On February 14, 2017, plaintiff Timothy Presmarita filed suit against Metro-North Commuter Railroad Company ("Metro-North") seeking damages and injunctive relief after he was injured trying to disembark from a train at Grand Central Station. The core federal assertion is that Metro-North was required to provide him with a wheelchair at the point of disembarkation and to the street. He asserts that Metro-North's failure to do so violated his rights to equal access to a public accommodation under Title II of the Americans with Disabilities Act ("ADA"), 42 U.S.C. § 12131, et seq., and pursuant to Section 504 of the Rehabilitation Act of 1973 (the "Rehabilitation Act"), 29 U.S.C. 794. Additionally, he has asserted state law claims that mirror these but also broadly capture specific conduct by Metro-North pursuant to which plaintiff alleges Metro-North assumed a duty of care which it then breached.

On April 17, 2017, defendant filed a motion to dismiss, arguing that Metro-North had no obligation under the ADA and Rehabilitation Acts to provide plaintiff with a wheelchair, and that the Court should dismiss the remainder of the claims for lack of supplemental jurisdiction. (ECF No. 14.) On August 30, 2017, the Court noted that all previous argument had assumed that Metro-North was subject to Title II, Part A of the ADA, which applies to public entities broadly, when in fact it seemed that commuter railroads such as Metro-North were actually subject to Part B, which applies only to public entities providing public transportation; thus, it requested supplemental briefing. (ECF No. 19.) The parties submitted additional briefing at the end of September 2017—both sides agreed that Part B was the relevant law. (ECF Nos. 20, 21, 25, 26.)

Because the Court finds that the relevant service at issue is point-to-point transportation on the rail line, and not transportation within a station to the street, the Court further finds that the ADA does not require Metro-North to provide its customers with wheelchairs, at the point of disembarkation and to the street. Accordingly, the Court GRANTS the motion to dismiss in its entirety.

I. FACTUAL BACKGROUND

The factual allegations discussed below are drawn from the complaint (ECF No. 1, Compl.) and assumed true for the purposes of this decision.
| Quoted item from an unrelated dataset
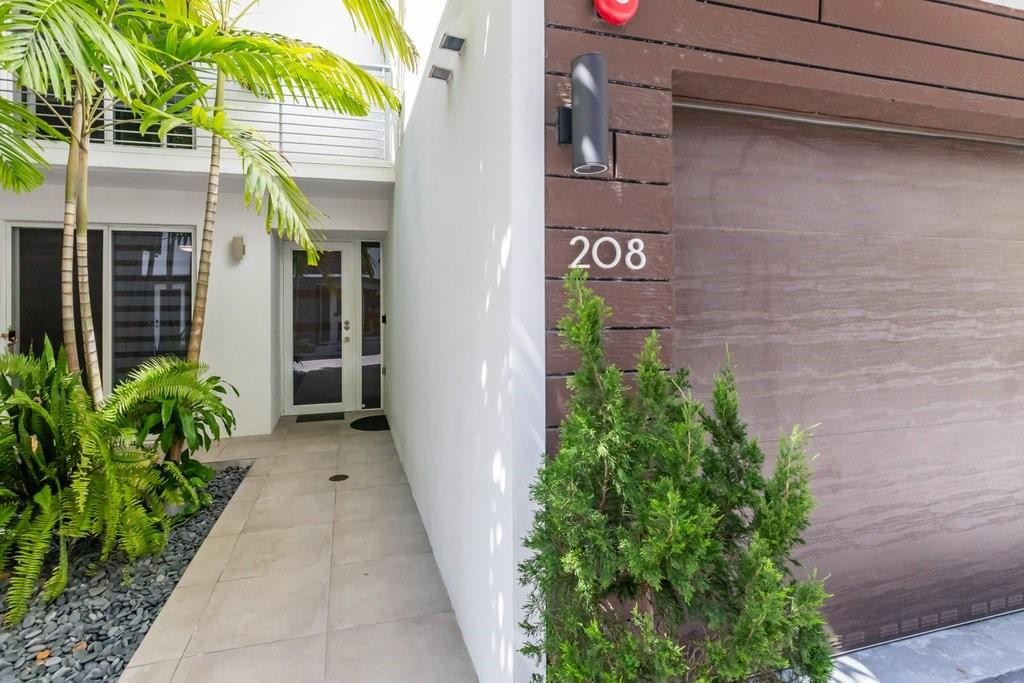 700 NE 14th Avenue 208 — photo 4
Plaintiff is a resident of New York who was injured in an automobile accident in or about 2001, in which he broke his neck; he has had thirteen surgeries as a result of this accident. (Compl. ¶¶ 10-11.) Even after these surgeries, plaintiff has limited functionality in his cervical spine, right leg, and right arm, and thus requires a wheelchair to walk more than a few steps. (Id. ¶¶ 12-13.)

Defendant is a public benefit corporation organized pursuant to the Public Authorities Law of the State of New York, with its principal place of business in New York; it operates commuter railroad service between New York City and locations surrounding New York, including Connecticut. (Id. ¶¶ 14-16.)

On November 8, 2016, defendant was operating a commuter train between New Haven, Connecticut, and Grand Central Station. (Id. ¶ 17.) Plaintiff purchased a ticket on the 9:55 p.m. train, due to arrive in New York at 11:47 p.m. (Id. ¶ 22.) Plaintiff traveled with a friend, Javier Quinonze, so that he would have assistance as he traveled. (Id. ¶ 23.) Upon his arrival at his departure point, Union Station in New Haven, plaintiff requested a wheelchair in order to navigate the station and platform and to board the train. (Id. ¶ 24.) He was told by defendant that no wheelchair was available; he therefore boarded with the assistance of his friend, who carried him through the station. (Id. ¶¶ 25-26.)

Plaintiff alleges that once on board, two separate conductors employed by defendant approached him and asked if he would require a wheelchair upon arrival at Grand Central; plaintiff said yes, and both conductors indicated that they would call ahead to Grand Central to make the necessary arrangements. (Id. ¶¶ 27-30.) Plaintiff was informed that he should wait on board the train until everyone else had disembarked, at which time defendant's employees would assist him in disembarking with a wheelchair. (Id. ¶ 31.)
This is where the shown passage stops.